At an economic summit in Pittsburgh organized by her presidential campaign, Clinton said she would eliminate tax breaks for companies that move jobs to other countries and use the savings to persuade them to keep jobs in the U.S. [I'm not sure I understand...]
Clinton's plan would offer new tax benefits for research and job development. It would also create "innovation and research clusters" across the country and provide $500 million annually in investments to encourage the creation of high-wage jobs in clean energy. [I see, taking away the tax cuts but replacing the tax cuts with other 'incentives' that will actually benefit us.]
Clinton called it her "insourcing agenda."
"We hear so much about outsourcing," when jobs are lost to other countries, she said. "I want to put an end to it. We're going to change the tax code, we're going to change the giveaways to the special interests." [Was her insourcing agenda in place when she voted for the trade agreements that outsourced jobs?]
Clinton also broadcast a new TV ad in Pennsylvania explicitly challenging Republican John McCain's economic credentials.

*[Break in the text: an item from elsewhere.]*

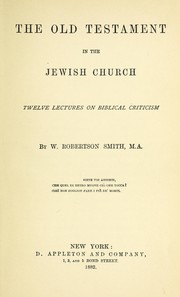 Cover of: The Old Testament in the Jewish church by W. Robertson Smith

Echoing an earlier ad aimed at Obama on national security, it begins with images of sleeping children while a narrator says a phone is ringing in the White House at 3 a.m. but this time the crisis is economic. As the phone rings on and on, the sleeping children are replaced by adults grimly reviewing bills during daylight hours. The narrator faults McCain's response to rising home foreclosures and teetering markets and says he'd just let the phone keep ringing. The ad ends with an image of Clinton answering a phone.